[Brief descriptive captions]

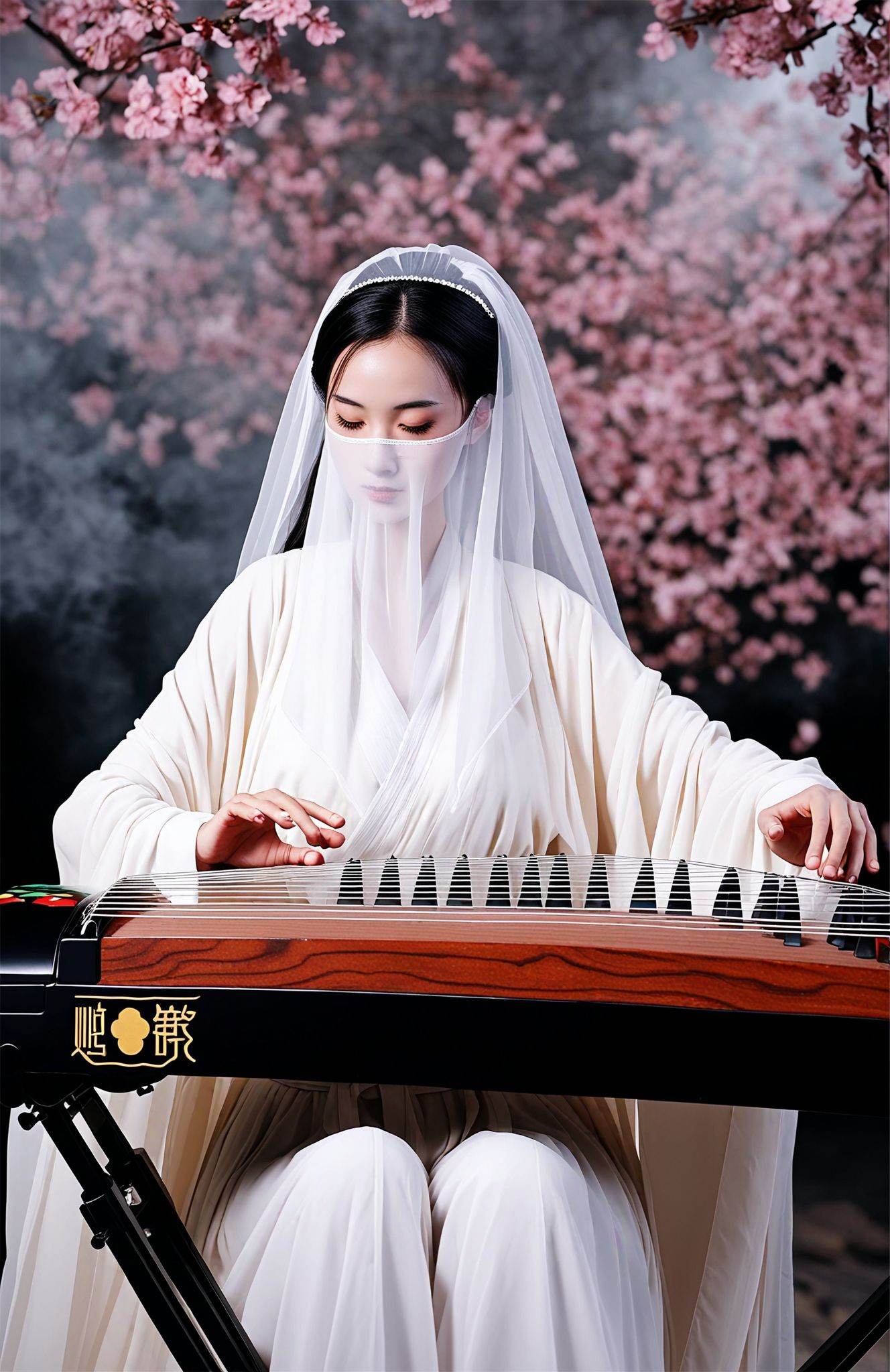 score_9,score_8_up,score_7_up,score_6_up,score_5_up,(chinese zither:1.2),(veil,mouth veil),In a serene,mist-enshrouded setting,a graceful figure adorned in traditional white attire delicately strums a Chinese zither resting on a wooden stand. Her hair,elegantly styled with classical tassels,complements the ethereal backdrop of a delicate lattice screen,painted blossoms,and fluttering butterflies,evoking a sense of timeless tranquility.,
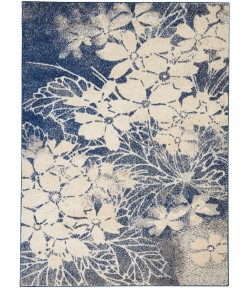 Nourison Tranquil(Traql) - Tra08 Beige Navy Area Rug 6 ft. X 9 ft. Rectangle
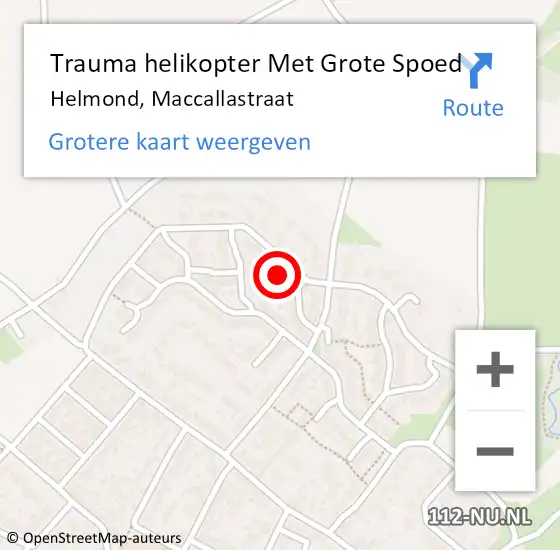 Locatie op kaart van de 112 melding: Trauma helikopter Met Grote Spoed Naar Helmond, Maccallastraat op 22 juli 2024 17:40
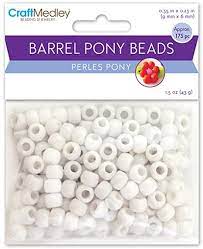 Pony Beads: 9mmx6mm Barrel Standard - White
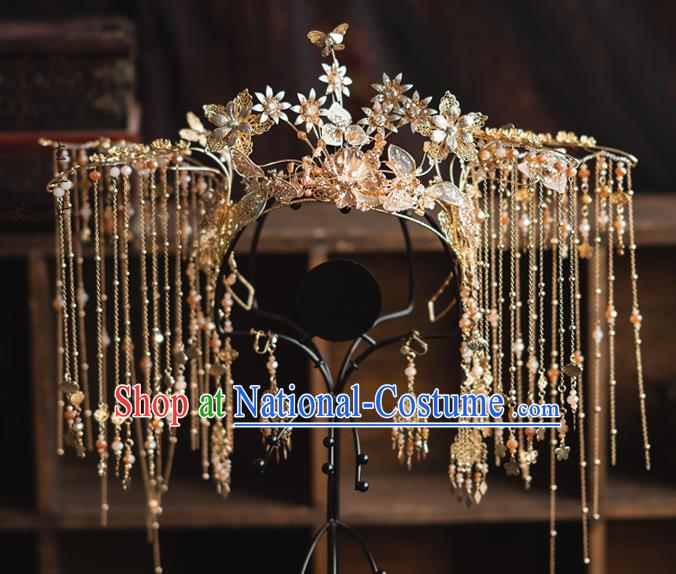 Chinese Bride Tassel Phoenix Coronet Traditional Wedding Hair Accessories Classical Xiuhe Suit Golden Flowers Hair Crown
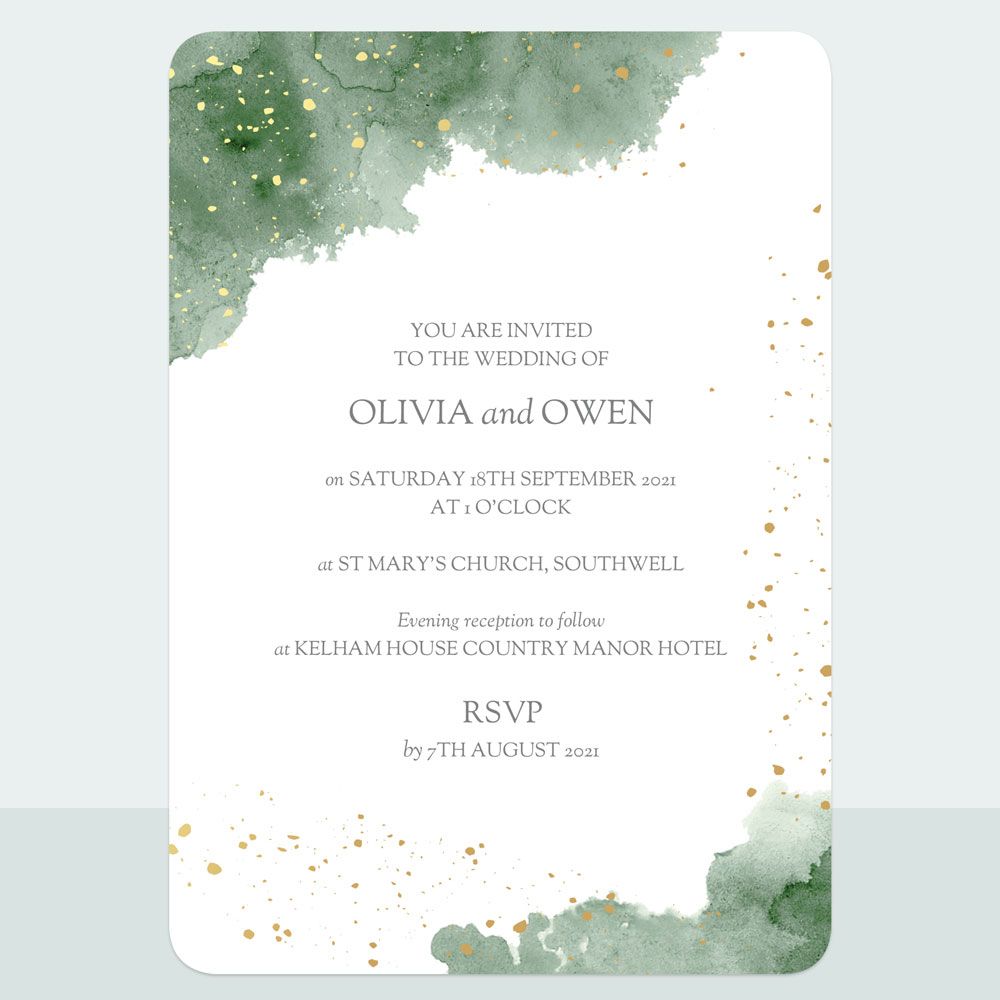 Green Inkwash - Foil Wedding Invitation & Information Card Suite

* _What to do_
From the records above, transcribe only the stretch from the line with "Nourison Tranquil(Traql) - Tra08" through the line with "Pony Beads: 9mmx6mm Barrel Standard - White", keeping both ends. Omit pictures.

* _Exercise response_
 Nourison Tranquil(Traql) - Tra08 Beige Navy Area Rug 6 ft. X 9 ft. Rectangle
 Locatie op kaart van de 112 melding: Trauma helikopter Met Grote Spoed Naar Helmond, Maccallastraat op 22 juli 2024 17:40
 Pony Beads: 9mmx6mm Barrel Standard - White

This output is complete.